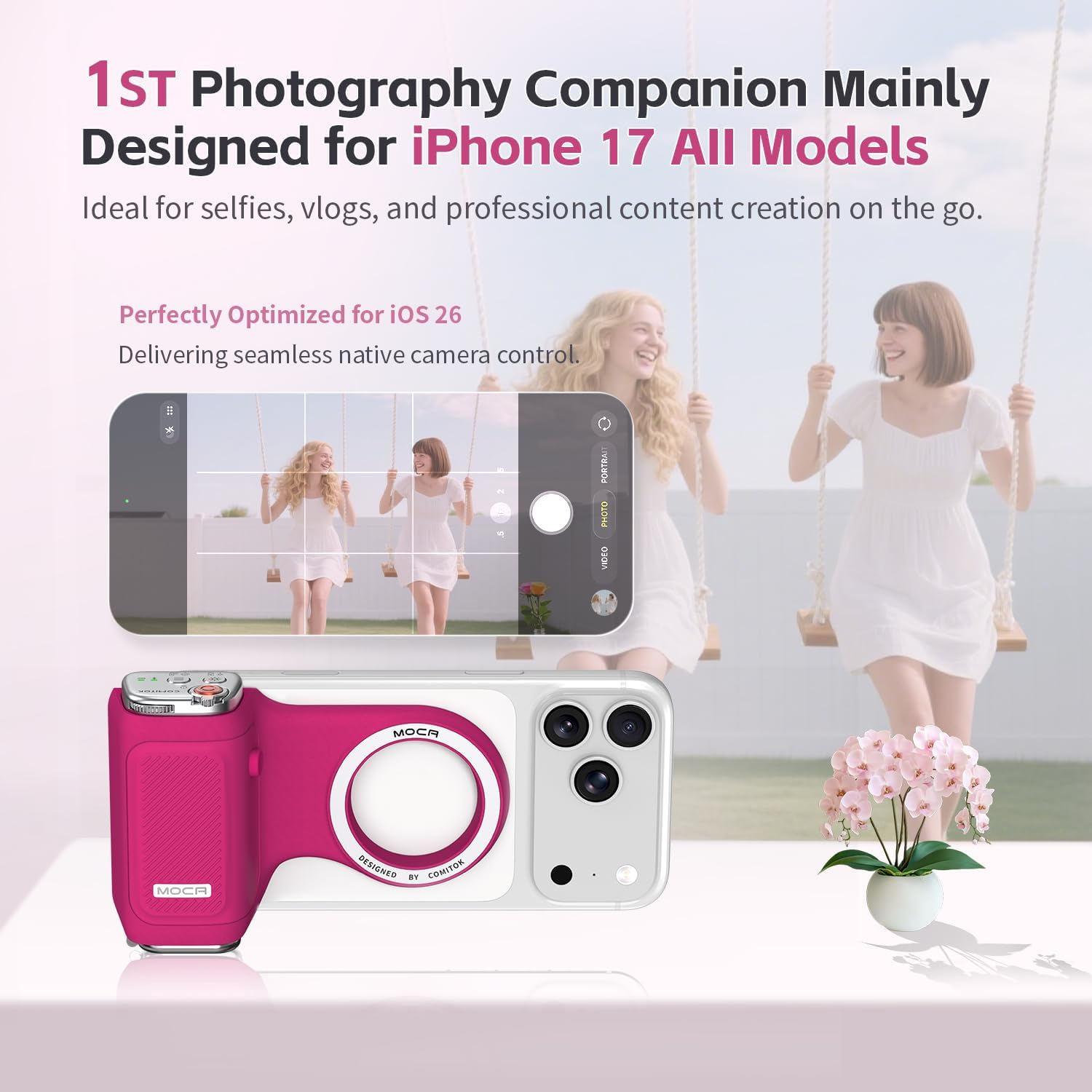 Detalle 2 de COMITOK MOCA iPhone 17 Pro Camera Grip for iOS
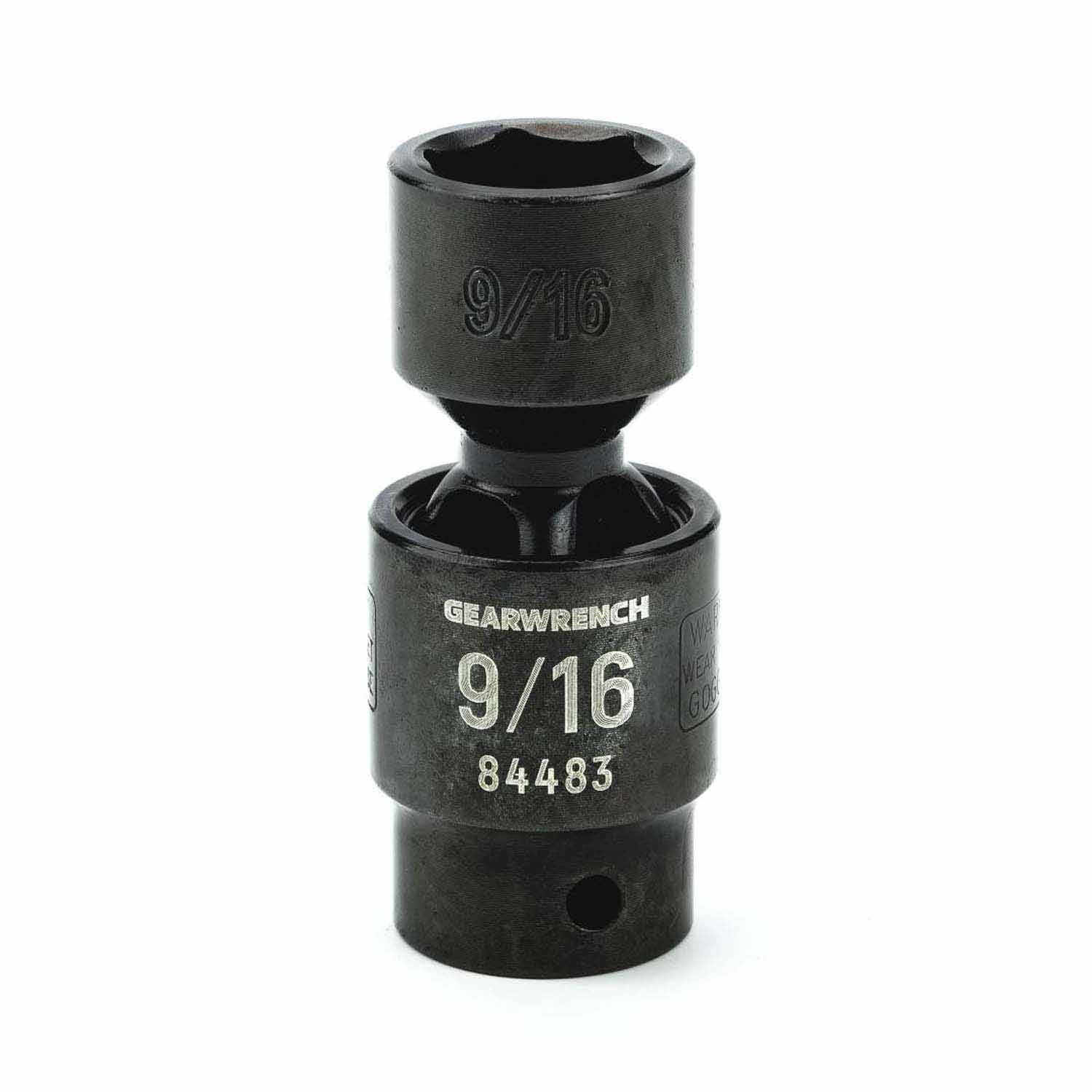 Gearwrench 84483 3/8" Drive 6 Point Standard X-Core Pinless Impact Universal SAE Socket 9/16"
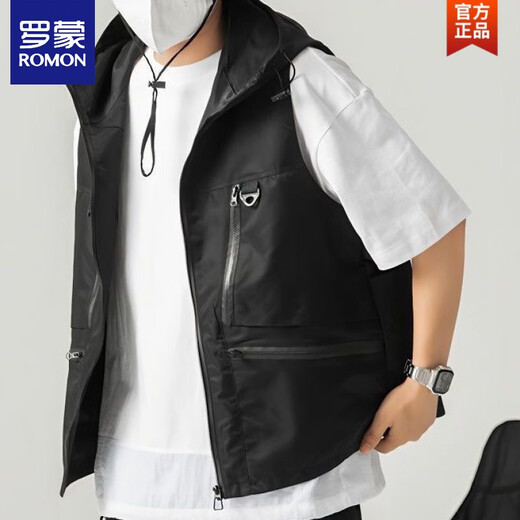 
ROMON 2025 summer new multi-pocket hooded men's vest men's Japanese loose work vest casual and versatile trend black [higher quality than peers] fast shipping XL recommendation [130-150Jin [Jin equals 0.5 kg]]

------------------------------------------------------------

The data needs to be reproduced exactly, please, apart from its pictures.

● REPLY TO THE TASK:
 Detalle 2 de COMITOK MOCA iPhone 17 Pro Camera Grip for iOS
 Gearwrench 84483 3/8" Drive 6 Point Standard X-Core Pinless Impact Universal SAE Socket 9/16"
ROMON 2025 summer new multi-pocket hooded men's vest men's Japanese loose work vest casual and versatile trend black [higher quality than peers] fast shipping XL recommendation [130-150Jin [Jin equals 0.5 kg]]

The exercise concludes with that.